Why The Fuck Did We All Do This Bread Ball Thing?

Behold! The bread ball.

I feel like everyone did the same weird food things as a kid, such as mixing their ice cream until it turned to slush, or dipping french fries into a sundae. But one thing I didn’t realise everyone did was taking the crusts off a manky-ass piece of white bread and squishing it into a little ball before eating it. I thought I was the only one until I brought up with the rest of the PEDESTRIAN.TV editorial team, and most confessed they had done it too.

It’s one of those we all did, but no one ever talked about it. I’ve never had a conversation as a kid where someone said: “Hey guys, anyone else turn bread into a gross ball?” But we somehow all just collectively decided that ball-bread-taste-good.

So why did we all do it? And also why did it low-key taste WAY better than a slice of bread on it’s own?

To rediscover why they are so good, I decided to make one.

I started with some stanky white bread (the worst kind of bread). I personally haven’t touched white bread since 2012. Call me a prude, but I’m all about that multigrain.

And importantly I took the crusts off, because otherwise the ball won’t be completely ~smooth~.

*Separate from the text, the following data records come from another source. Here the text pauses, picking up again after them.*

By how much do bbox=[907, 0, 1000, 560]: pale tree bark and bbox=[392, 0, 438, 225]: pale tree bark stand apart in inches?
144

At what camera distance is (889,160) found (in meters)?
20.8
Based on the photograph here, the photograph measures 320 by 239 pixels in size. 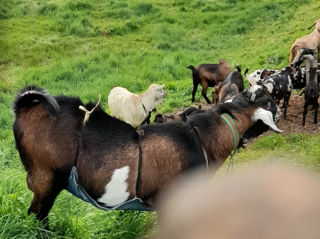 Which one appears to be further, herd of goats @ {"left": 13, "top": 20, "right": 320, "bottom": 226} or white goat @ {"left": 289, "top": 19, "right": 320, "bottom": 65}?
white goat @ {"left": 289, "top": 19, "right": 320, "bottom": 65}

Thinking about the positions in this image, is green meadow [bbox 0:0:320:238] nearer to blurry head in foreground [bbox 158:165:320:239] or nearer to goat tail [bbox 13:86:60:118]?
goat tail [bbox 13:86:60:118]

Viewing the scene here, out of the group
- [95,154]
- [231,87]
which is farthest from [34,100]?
[231,87]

Then I rolled it into a ball.

I decided that one piece of bread wasn’t good enough, so I added another slice. And behold! The perfect bread ball.

I can definitely see why we all made one as a kid, it’s so freakin’ fun. I feel like I’m playing with play-doh. But the true test, of course, is whether this bread ball sack actually tastes good.

Verdict: it actually tastes nice, and like I said, I don’t eat white bread. BUT I think we could make it even better. For example, putting Nutella on the bread first, and then turning it into a ball. Then when you take a bite, you’d be met with delightful layers of choc hazelnut goodness. Alternatively you could use butter and cinnamon sugar, and make your own shitty version of a cinnamon bun. The possibilities are endless.

Who said playing with food was gross?